What is needed: Could you set down exactly the lines of the data below, starting at the one that holds "Lot Of 2 Greenbrier" and ending at the one that holds "Botanical Floral Wallpaper", both included, and only those?

Provided records:
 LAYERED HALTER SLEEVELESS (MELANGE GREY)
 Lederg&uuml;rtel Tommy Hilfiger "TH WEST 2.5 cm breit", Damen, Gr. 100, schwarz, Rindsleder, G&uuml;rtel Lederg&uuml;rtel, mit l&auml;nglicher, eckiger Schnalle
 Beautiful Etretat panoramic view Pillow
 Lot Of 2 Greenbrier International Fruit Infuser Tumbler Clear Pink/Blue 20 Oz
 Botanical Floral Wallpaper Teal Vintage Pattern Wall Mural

--

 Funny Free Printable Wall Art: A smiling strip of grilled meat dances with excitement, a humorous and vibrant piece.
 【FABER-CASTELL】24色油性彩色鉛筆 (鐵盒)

...

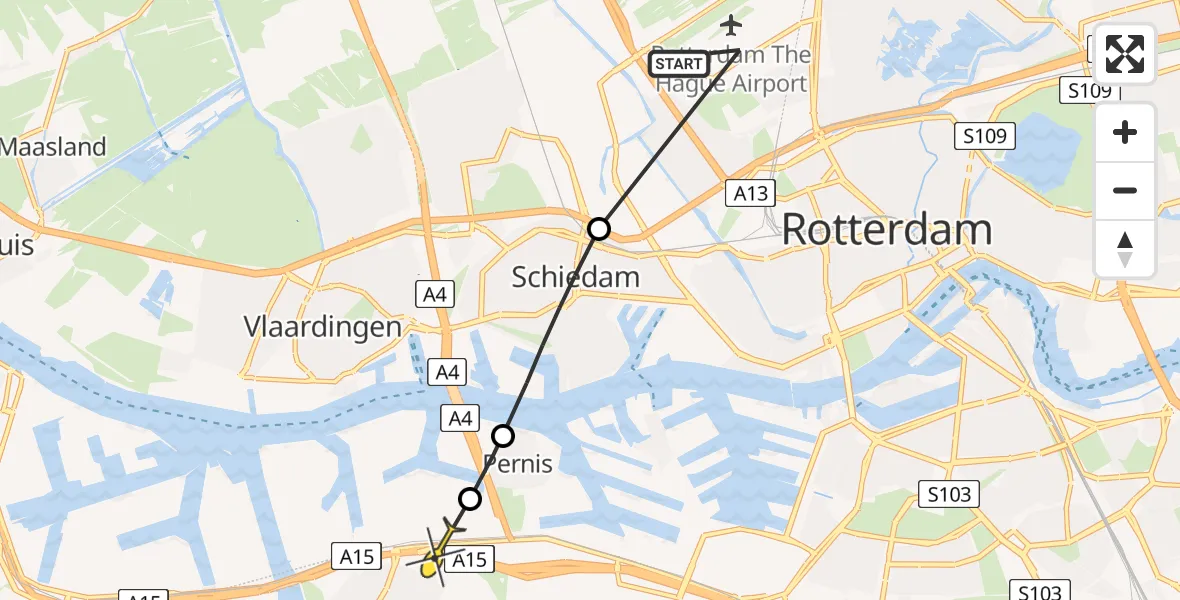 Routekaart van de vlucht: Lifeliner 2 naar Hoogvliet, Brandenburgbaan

Response to this task:
 Lot Of 2 Greenbrier International Fruit Infuser Tumbler Clear Pink/Blue 20 Oz
 Botanical Floral Wallpaper Teal Vintage Pattern Wall Mural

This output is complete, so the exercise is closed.